Nmap Development mailing list archives

[PATCH] Remove duplicate hosts


From: Ron <iago () valhallalegends com>
Date: Sun, 11 Dec 2005 13:40:20 -0600

I don't know if anybody else has this problem, but I'm often handed a huge pile of hostnames and asked to scan them, only to find out that a bunch of them are pointing to the same ip. This patch adds the --nodup option, which eliminates duplicate hosts, based on their ip address.

I was inspired when my friend was complaining about a bug because he ran
nmap localhost -sV -p 1-1024 localhost
and got the same output repeated twice.

It only works on each group of 2048 (or whatever PING_GROUP_SZ happens to be), and works by quicksorting based on the ip address (log(n) time), and then eliminating duplicate ip's (which takes linear time).
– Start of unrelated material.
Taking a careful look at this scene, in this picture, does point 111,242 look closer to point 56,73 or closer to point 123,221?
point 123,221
It also deletes the Target class that was duplicated.

Although doing it in groups of 2048 are going to miss some, if they are a long way apart, I think it's probably better off overall, because sorting 2**24 ip's will take a long time.

It eliminates the duplicates immediately before randomizing, so the randomization will still work.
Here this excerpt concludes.